A strong aroma of grass and hearty grape juice hung in the air Tuesday morning as a truck full of bright green clusters of sauvignon blanc was unloaded at Rodney Strong Vineyards.
The juicy stew of fruit was poured into a hopper and gently urged through a series of conveyors and belts, making its way to the stainless steel press.
The North Coast's annual grape harvest, now in its third week, is expanding into sauvignon blanc and pinot noir used to make still wines.
The sauvignon blanc grapes, freshly picked from a vineyard in Geyserville, ripened about a week earlier than normal, said Doug McIlroy, director of winegrowing for Rodney Strong.
"It's nice to see it start earlier," McIlroy said. "We've had great growing conditions, and that leads to smooth sailing a lot of the time."

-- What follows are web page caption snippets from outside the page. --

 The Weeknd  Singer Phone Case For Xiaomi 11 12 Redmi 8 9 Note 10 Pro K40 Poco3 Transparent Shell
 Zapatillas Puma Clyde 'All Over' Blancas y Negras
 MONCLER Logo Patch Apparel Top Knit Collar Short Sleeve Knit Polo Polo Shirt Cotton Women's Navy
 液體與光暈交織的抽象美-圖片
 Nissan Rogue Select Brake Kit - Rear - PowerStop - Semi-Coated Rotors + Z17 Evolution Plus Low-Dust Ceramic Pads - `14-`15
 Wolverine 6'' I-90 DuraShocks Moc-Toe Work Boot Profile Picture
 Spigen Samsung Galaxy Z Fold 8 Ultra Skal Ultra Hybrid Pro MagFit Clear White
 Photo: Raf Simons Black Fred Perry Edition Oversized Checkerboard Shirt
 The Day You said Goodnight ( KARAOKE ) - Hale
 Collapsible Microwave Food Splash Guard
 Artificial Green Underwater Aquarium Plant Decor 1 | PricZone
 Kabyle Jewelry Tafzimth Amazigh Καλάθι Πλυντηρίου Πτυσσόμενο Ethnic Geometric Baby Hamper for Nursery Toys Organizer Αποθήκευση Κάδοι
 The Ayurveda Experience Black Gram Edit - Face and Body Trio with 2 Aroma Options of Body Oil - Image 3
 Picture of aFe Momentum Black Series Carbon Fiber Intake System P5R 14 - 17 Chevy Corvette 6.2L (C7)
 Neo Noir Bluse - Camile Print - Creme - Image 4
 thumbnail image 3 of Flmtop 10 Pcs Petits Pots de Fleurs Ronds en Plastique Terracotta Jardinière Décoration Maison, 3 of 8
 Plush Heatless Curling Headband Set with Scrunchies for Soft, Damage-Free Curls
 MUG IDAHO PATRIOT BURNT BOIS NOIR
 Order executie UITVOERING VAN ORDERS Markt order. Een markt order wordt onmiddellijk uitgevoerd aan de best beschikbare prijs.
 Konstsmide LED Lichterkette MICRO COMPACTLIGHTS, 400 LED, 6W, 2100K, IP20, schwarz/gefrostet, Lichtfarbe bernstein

The North Coast grape harvest began Aug. 10 in Napa Valley, where crews began picking grapes used to make sparkling wine. Since then, about 1 percent of the county's crop has been brought in from the fields, said Nick Frey, president of the Sonoma County Winegrape Commission.
"I think when you get an early start, that really gives people a lift, because it gives you a chance to get some things off across the scale," Frey said. "You don't want to be sitting there with grapes in the field and the calendar clicking by."
Harvest for still wine grapes begins before Labor Day about half the time, he said. An early start is good news for growers: Grapes that ripen early are less likely to be out in the fields when fall rains arrive, Frey said.
Last year, after a cool summer delayed ripening, rain storms in October spread mold through some of the remaining crop, which came in 17 percent below normal.
But this year's crop is expected to hit the average size of about 200,000 tons or more, he said.